Há alguns meses, comprei uma antologia de contos intitulada Legends, de 1998. Editada por Robert Silverberg, Legends junta contos de fantasia de alguns dos melhores escritores do género da actualidade. Entre estes figuram, por exemplo, George R.R. Martin, autor da consagrada série A Song of Ice and Fire - o conto The Hedge Knight foi o que me levou a comprar a antologia, e só por si vale os sete euros e vinte cêntimos que custou o livro - ou Robert Jordan, falecido em 2007, autor da série The Wheel of Time. E, claro, Terry Pratchett, com um conto saído directamente da série de fantasia que o celebrizou - Discworld. O conto publicado nesta antologia intitula-se The Sea and Little Fishes, e é a coisa mais divertida que já li desde The Hitchhiker's Guide to the Galaxy, de Douglas Adams.
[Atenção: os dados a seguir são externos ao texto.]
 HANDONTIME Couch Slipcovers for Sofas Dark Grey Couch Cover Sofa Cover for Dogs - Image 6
Discworld é, para todos os efeitos, um marco na literatura de fantasia, pela sua longevidade - já conta com trinta e nove livros publicados desde 1983 - e pelo seu inigualável sentido de humor, a satirizar naquele mundo plano assente em quatro enormes elefantes que viajam pelo Universo empoleirados na carapaça da gigantesca tartaruga Great A'Tuin clássicos da literatura, como Tolkien ou Lewis, como inúmeras referências da cultura popular.
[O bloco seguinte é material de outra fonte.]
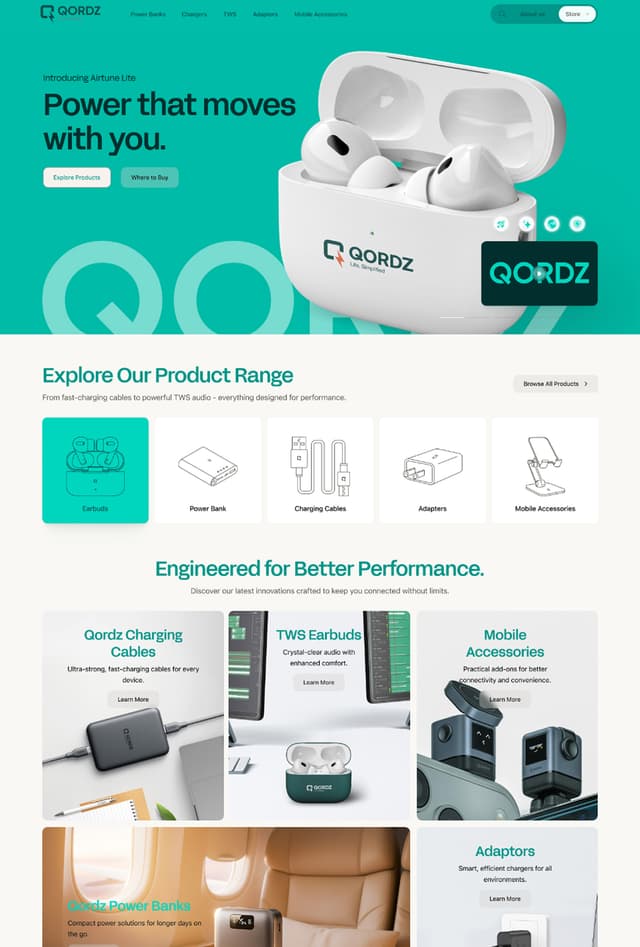 Website design and development for Qordz by Ziron pro in Dubai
A minha curiosidade quanto ao universo de Discworld era já antiga, e aquele conto foi a gota de água. Dada a minha incapacidade (não é só minha, mas adiante) de fazer e cumprir as tradicionais resoluções de ano novo - deixar de fumar, comer melhor, dormir mais, fazer exercício, tirar carta de condução, etc. -, decidi fazer desta série literária de Pratchett a minha resolução para 2012 - começar a ler Discworld, partindo do primeiro livro - The Colour of Magic - e ver até onde consigo ir sem estar necessariamente a fazer uma maratona e lendo outras coisas nos entretantos. Não que a série tenha necessariamente de ser lida por ordem cronológica - simplesmente preciso de alguma ordem, ou a coisa cedo descarrila. Ainda não comprei o primeiro volume, mas um vale de compras de uma livraria que recebi no Natal levou-me a comprar o décimo, Moving Pictures. Tem sido resistir a lê-lo de fio a pavio - aliás, tem sido impossível, dado que já li algumas páginas do início. Deixo aos leitores do Delito a seguinte passagem, que é capaz de dar uma ideia do estilo do autor e do seu mundo fantástico:
There's a saying that all roads lead to Ankh-Morpork, greatest of Discworld cities.
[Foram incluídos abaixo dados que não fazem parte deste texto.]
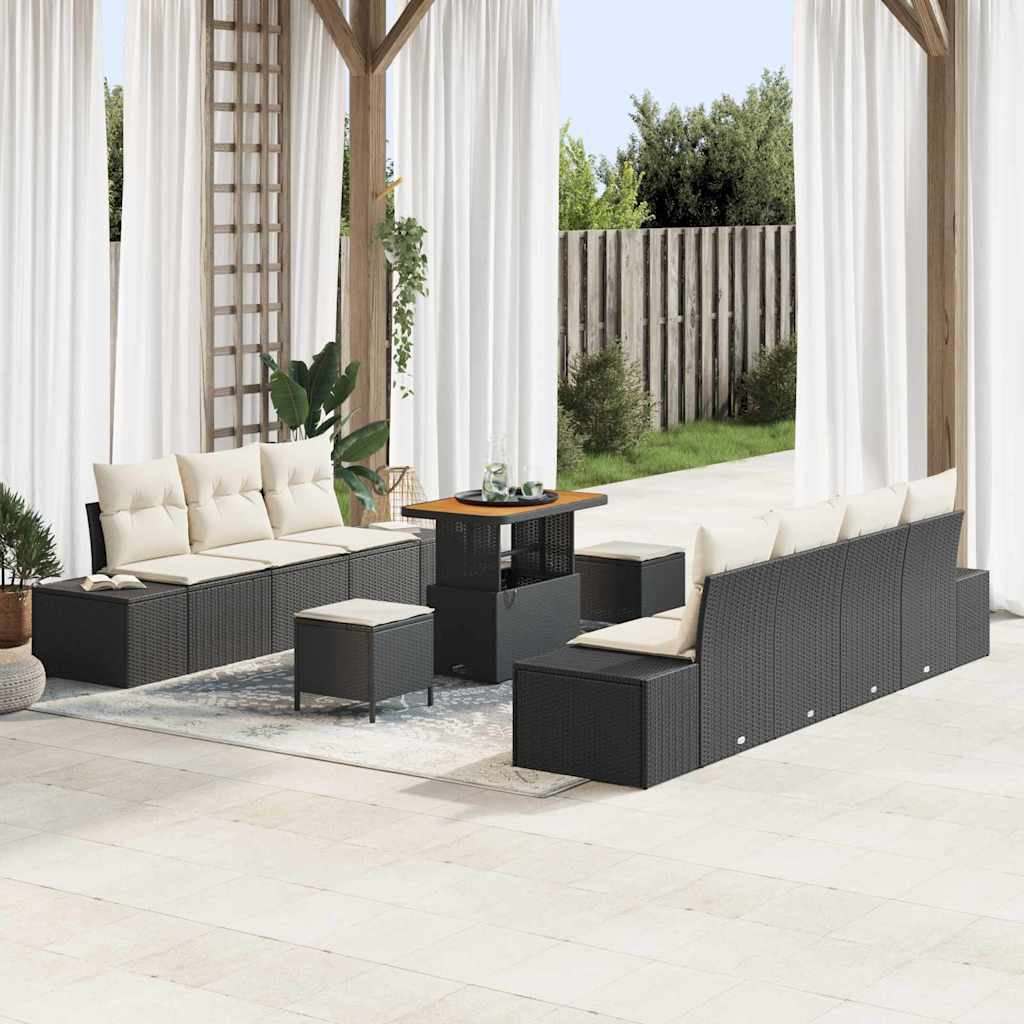 Gartensofa-set 10 stk. 9-Sitzanzahl Schwarz Poly Rattan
At least, there's a saying that there's a saying that all roads lead to Ankh-Morpork.
And it's wrong. All roads lead away from Ankh-Morpork, but sometimes people just walk along them the wrong way.
Poets long ago gave up trying to describe the city. Now the more cunning ones try to excuse it. They say, well, maybe it is smelly, maybe it is overcrowded, maybe it is a bit like Hell would be if they shut the fires off and stabbed a herd of incontinent cows there for a year, but you must admit that it full of sheer, vibrant, dynamic life. And this is true, even though it is poets that are saying it. But people who aren't poets say, so what? Mattresses tend to be full of life, too, and no-one writes odes to them. Citizens hate living there and, if they have to move away on business or adventure or, more usually, until some statute of limitations runs out, can't wait to get back so they can enjoy hating living there some more. They put stickers on the back of their carts saying 'Ankh-Morpork - Loathe It or Leave It'. They call it The Big Wahooni, after the fruit.
Every so often a ruler of the city builds a wall around Ankh-Morpork, ostensibly to keep enemies out. But Ankh-Morpork doesn't fear enemies. In fact it welcomes enemies, provided they are enemies with money to spend. It has survived flood, fire, hordes, revolutions and dragons. Sometimes by accident, admittedly, but it has survived them. The cheerful and irrecoverably venal spirit of the city has been proof against anything...
Until now.
Antes desta descrição há um diálogo hilariante de um fantasma com a Morte (um dos protagonistas da série), mas este texto já vai longo. 2012 pode ser o ano terrível que os comentadores andam a anunciar na imprensa todos os dias, mas pelo menos em termos literários espero que o meu 2012 seja bastante divertido.